食物連鎖とか生態系のバランスとかどうでもいいので、すべての虫をこの世から消し去りたいとシェンロンにはお願いする予定である。代償として今後一生牛肉が食べれなくなるぐらいであれば受け入れるので、虫のいない世界で暮らしたい。

屋内の空間、特に自宅内は何一つ危険のない落ち着く空間であってほしいものだが、一匹の小さい虫がいるだけでも途端に心がざわつく。文字通りなるべく虫との距離をとって生きてきたがそうもいかない出来事もあった。

小学校低学年か中学年の頃、総合という何を勉強するかはっきりしない、大学の横文字の学部のような授業があった。自分の小学校は多摩川まで徒歩数分の距離にあり、次回はそこで学年みんなで虫捕りをするので虫かごと虫網を持参するようにと担任に告げられた。

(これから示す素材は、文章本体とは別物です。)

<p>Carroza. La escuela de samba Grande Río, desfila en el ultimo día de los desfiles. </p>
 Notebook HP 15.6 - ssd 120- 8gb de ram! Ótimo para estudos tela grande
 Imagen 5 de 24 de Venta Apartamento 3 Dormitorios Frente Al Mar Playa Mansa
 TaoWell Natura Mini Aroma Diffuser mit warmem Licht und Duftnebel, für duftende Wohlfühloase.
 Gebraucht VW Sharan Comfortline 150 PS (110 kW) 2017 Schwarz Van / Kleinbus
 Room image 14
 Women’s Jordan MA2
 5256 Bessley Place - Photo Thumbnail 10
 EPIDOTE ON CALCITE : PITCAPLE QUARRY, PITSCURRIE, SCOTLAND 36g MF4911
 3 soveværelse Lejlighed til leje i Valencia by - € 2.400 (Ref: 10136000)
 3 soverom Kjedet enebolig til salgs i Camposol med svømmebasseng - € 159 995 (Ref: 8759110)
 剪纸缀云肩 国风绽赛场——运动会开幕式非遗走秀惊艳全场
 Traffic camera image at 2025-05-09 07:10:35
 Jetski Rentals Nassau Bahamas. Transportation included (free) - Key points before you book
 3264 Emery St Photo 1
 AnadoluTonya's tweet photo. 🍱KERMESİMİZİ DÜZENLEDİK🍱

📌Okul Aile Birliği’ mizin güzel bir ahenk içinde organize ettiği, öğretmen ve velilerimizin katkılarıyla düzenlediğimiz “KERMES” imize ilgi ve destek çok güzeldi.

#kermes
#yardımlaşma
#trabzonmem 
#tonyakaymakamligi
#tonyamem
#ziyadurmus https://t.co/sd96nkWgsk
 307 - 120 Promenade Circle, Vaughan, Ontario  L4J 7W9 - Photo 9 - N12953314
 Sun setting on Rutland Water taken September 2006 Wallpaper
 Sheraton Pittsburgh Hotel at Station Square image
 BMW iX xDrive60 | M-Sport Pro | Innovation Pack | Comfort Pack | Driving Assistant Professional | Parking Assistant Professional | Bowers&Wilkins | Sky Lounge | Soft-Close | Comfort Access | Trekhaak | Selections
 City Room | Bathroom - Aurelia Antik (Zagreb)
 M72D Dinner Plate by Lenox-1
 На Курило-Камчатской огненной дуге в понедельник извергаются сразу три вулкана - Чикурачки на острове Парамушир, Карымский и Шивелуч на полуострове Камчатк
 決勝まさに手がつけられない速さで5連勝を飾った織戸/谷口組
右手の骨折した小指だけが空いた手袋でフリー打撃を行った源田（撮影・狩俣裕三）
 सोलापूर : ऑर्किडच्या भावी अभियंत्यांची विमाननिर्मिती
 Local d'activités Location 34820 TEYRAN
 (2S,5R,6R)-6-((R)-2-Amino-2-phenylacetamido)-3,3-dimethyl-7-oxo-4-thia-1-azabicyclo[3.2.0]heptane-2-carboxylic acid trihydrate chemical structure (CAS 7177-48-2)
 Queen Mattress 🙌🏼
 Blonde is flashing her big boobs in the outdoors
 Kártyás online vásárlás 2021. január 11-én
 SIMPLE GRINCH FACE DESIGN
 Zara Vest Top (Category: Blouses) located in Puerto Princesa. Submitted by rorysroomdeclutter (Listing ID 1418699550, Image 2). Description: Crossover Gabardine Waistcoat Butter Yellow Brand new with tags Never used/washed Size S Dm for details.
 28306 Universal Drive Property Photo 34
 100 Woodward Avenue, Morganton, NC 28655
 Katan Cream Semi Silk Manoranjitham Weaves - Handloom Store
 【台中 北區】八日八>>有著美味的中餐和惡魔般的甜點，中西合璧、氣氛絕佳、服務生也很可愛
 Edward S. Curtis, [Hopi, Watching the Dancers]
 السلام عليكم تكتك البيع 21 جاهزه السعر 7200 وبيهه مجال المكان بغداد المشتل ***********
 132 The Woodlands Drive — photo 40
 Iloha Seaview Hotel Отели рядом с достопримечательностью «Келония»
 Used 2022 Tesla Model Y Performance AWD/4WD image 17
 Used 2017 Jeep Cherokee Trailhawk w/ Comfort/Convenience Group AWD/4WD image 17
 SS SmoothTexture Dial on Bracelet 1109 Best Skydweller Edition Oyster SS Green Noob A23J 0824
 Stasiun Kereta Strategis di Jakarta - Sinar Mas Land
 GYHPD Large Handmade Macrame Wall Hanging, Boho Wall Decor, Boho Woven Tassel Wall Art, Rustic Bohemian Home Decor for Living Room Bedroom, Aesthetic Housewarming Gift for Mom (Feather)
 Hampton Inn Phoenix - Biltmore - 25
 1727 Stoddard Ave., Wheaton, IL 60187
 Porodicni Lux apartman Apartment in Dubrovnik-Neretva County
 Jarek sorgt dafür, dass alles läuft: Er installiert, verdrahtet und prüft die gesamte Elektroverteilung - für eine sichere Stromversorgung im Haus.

なぜ授業で虫を捕らなければいけないのか。歳をとってだいぶ落ち着いた人間になったが、あの時の憤りというか不満は今でも当時の熱量のまま思い出す。

当日、苦虫を噛み潰したような気持ちで川までの道のりを歩いたことを覚えている。河川敷につき鬱蒼と生茂る芝生へと勢いよく飛び出す同級生を尻目にしばらく立っていた。そんな風に全く動く気がない一部生徒に対し、教師陣は何か一匹でも捕まえなさいと背中を押してくる。物理的に。思えば人生で初めて課されたノルマだったかもしれない。

とはいえ意地でも虫と触れ合いたくはないので、活発な同級生にこっそり虫を捕って自分のカゴに入れてもらうことにした。まず、依頼をする同級生は底意地の悪い人間ではないことが必要だ。やんちゃな人間に頼むと、ふざけて捕まえた虫を自分に押しつけてくる可能性がある。信頼に足り、良い意味で遊び心のなさそうな真面目な同級生を選定し走ってお願いに行く。真面目さがゆえ、依頼に対して見返りも求められず取引は成立し、早速作業に取り掛かる。自分がぶら下げているカゴに捕った虫を入れてもらおうとすると、飛び跳ねてきたりという事故の可能性があるので、カゴごと先に渡して虫を入れてもらい、蓋をガッチリと閉めたことを遠目で確認し受け取りを行う。徹底したリスク管理の元、なんとか不正を働きながらもノルマを達成し担任に報告する。

「ほんとは自分で捕らないとダメだぞ」と教師。見られていた。虫に触らないというリスクは管理できていたものの、肝心のこっそりと任務を遂行するという部分は対策が取れておらずインシデント発生となってしまった。不覚だった。

この時、不正を働く時は通常時以上にあらゆる側面に注意を払わないといけないと気づかされ、大人の階段を一段昇った気がする。

ただ、そもそもなぜ虫を捕まえることを課されていたのか、未だに納得する理由は見つからない。あの時と同じテンション、熱量で今度はより理論立ててあの教師陣を問い詰めることができる自信がある。もちろんそんな機会はもうないけれども。夏になり、玄関先や芝生の上などで虫に襲われるたびにこの出来事を思い出す。そして思い出すたびに納得いかず、虫の居所が悪くなるのである。